The first experimental conference call groups met without any technical assistance. When small (nine members) homogeneous groups were chosen and were given a chairman, and when a "midline" task (not very easy, not very difficult) was assigned, the groups worked quite well and effectively--they communicated easily and reached decisions--without technical assistance. However, when the task was made more difficult the general complaints about the unassisted system rose. Richard Remp who conducts the experiments, reports that the percentage of participants who indicated that they were "always" able to follow the discussion fell from to 48 percent on the easier task to 34 percent on the more demanding task. Similarly, the percentage of participants who indicated that they could get the floor "very easily" fell from 20 percent to 13 percent. While 17 percent of the participants characterized the discussion on the easier task is "very effective" in exploring the topic, only 6 percent of the participants on the more demanding task chose that description of the discussion. It was of particular interest that a fair number of the participants in both tasks spontaneously mentioned their need for a means of more clearly identifying the speaker.
Meanwhile, to test the basic notion that electronic equivalents could better serve our aims, the engineers followed my suggestion by developing a cue box, which is now being used in experimental conference calls in the telecommunication laboratory of the Center. The box might be said to simulate the conditions which would exist if touch-tone phones could be used for cueing. The cue box also provides a model of the technical assist that may be used if efforts to do without special assists fail, and its development has confirmed our main thesis-the value of a close, continuous dialogue across disciplines.
The first cue box was designed to provide a button, a switch, and two lights per participant. The button is to control one light which lets the chairman know that a participant wishes the floor without the request being carried verbally, which would interrupt the dialogue. The switch signals assent if pulled up and dissent if pulled down; the second light is used to register both feelings: short rapid flashes indicate approval (like applause); long flashes--dissent (like a boo). Each participant's cue box panel also has two lights for each other participant; thus each participant can see what all other participants feel and if any has requested the floor.
At this point, the social scientists started to wonder about the social consequences of a technology which actually accelerated the natural process it merely sought to reproduce. In a real-life group one rarely if ever knows at all times exactly where each member "is" with reference to the issue under discussion; with our cue box every member receives every other member's signals constantly. We hypothesized that greater individual and aggregate visibility might inhibit participants who are clearly in a minority from expressing their views lead to decisions before people have had a chance to fully air their ambivalences, or reduce the chances for give and take (individuals, once they have identified with a position, may be reluctant to shift).
The engineers suggested two technical adaptations to test for these postulated undesirable influences (do they really exist?) and to partly eliminate their effects. Other devices developed by the team go beyond that. But one thing at a time.
The "request-the-floor" button, at first, was to be fixed, that is, once you push it your request is registered, and to undo it, you have to push it again.
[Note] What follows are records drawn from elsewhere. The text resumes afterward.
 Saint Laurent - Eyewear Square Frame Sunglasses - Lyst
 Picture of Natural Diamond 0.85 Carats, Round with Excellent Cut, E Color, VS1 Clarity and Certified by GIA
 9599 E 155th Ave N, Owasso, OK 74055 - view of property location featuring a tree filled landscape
Now the engineers suggested to wire the "assent-or-dissent" signal so that it erases if you stop pushing it. In this way technology encourages" people not to freeze their position. (Who wants to hold a switch on "dissent" for an hour, unless he really is very strongly opposed?) Of course, when the signal is used for voting purposes and responses are to be tallied, a "freeze" procedure is used, but this occurs only at a stage when the group--or at least the chairman--is ready to vote, which is one form of registering views for which the cue box is incontestably useful.
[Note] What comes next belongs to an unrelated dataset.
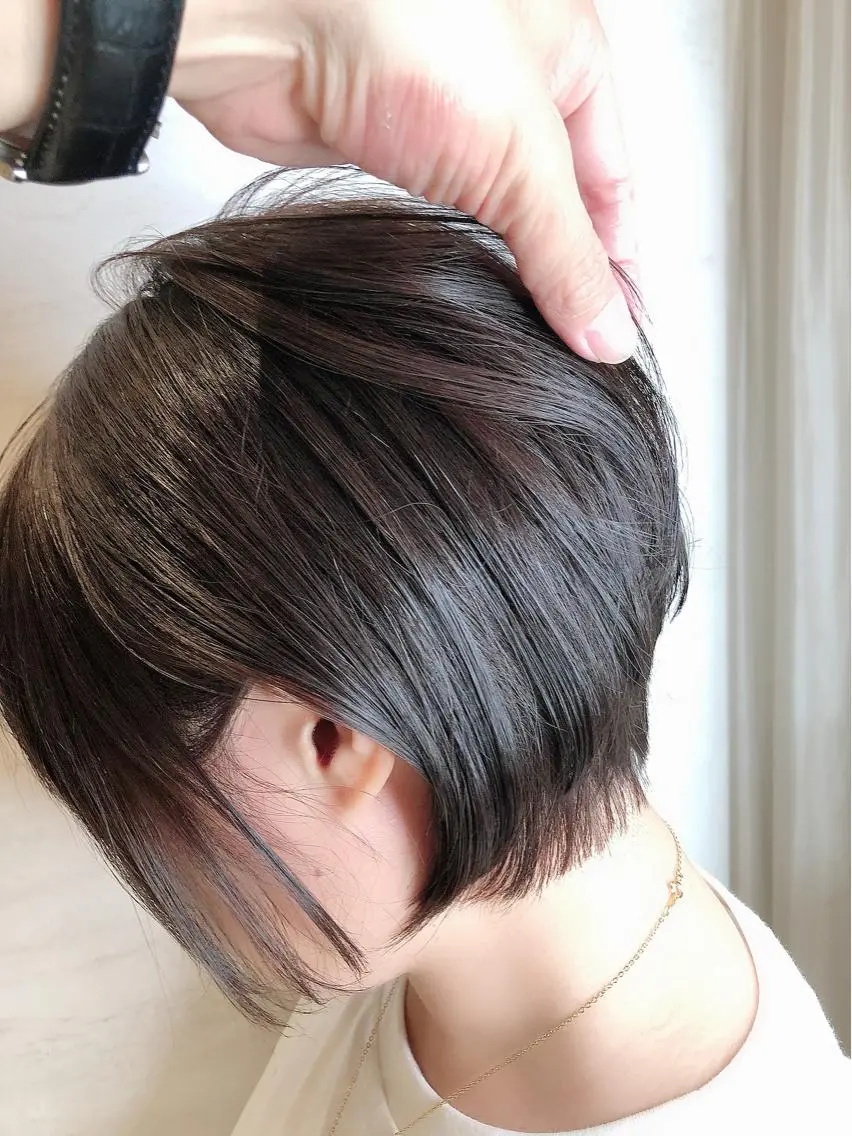 ショート カラー ヘアアレンジ UNIX N.horiiのその他イメージ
Second, the engineers gave the chairman a central switch by which he or she may cancel all visibility (except each participants own signal). Thus the chairman can eliminate each participant's feedback from others, withholding individual and aggregate visibility for whatever period is desired either by the chairman or the group. This device can be used, for example, to be sure that discussion is uninhibited during the first half of the meeting or the first meeting of a series, or until the group votes that it has had enough dialogue and is ready for a first "straw" vote.
Testing of the cue boxes revealed different behavior pattern, which approximates that of a natural group, when the number of participants increased. While it was easy for members of small groups (of, say, seven members) to recall what each person had said via their signalling lights, when the group grows to say 25 to 30, each member can see only group patterns (lots of dissent lights, lots of assents, many switches, etc.); he is not able to identify a position with each member of the group. He could keep track of how X or Y felt, if these were viewed as particularly important persons, but he could not keep track of everyone.
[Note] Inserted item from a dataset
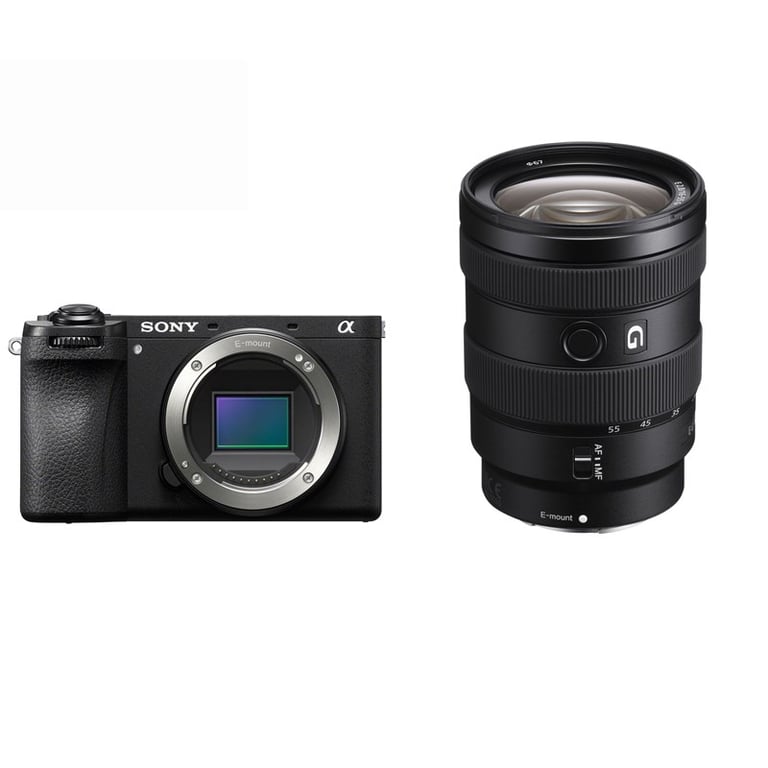 Sony Alpha A6700 / ILCE-6700 Body + Sony E 16-55mm F2.8 G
One day an engineer brought to the laboratory a device which translates electronic cues into optical bars. Seeing it flash led me to realize that it could serve for a more radical alteration: the individual lights could be replaced by a summary indicator giving a group visibility somewhat like the figures on an election-night television screen. However, our experience suggests that while this approach has certain virtues, it also prevents individual and subgroup recognition and may project a more monolithic indication than the situation warrants. For example, if many members of a group are undecided, 10 out of 30 shifting their views from "yes" to "no" and 10 from "no" to "yes," the summary indicator would continue to read "20 favor," giving no indication of indecisiveness to the participants.
What about automating the chairman? If indeed large numbers of groups are to be in dialogue, including people who have not met before and who may be assigned to a group by a computer (on the basis of their indication of the kind of people they want to talk with), there will be difficulty in electing or otherwise choosing a chairman.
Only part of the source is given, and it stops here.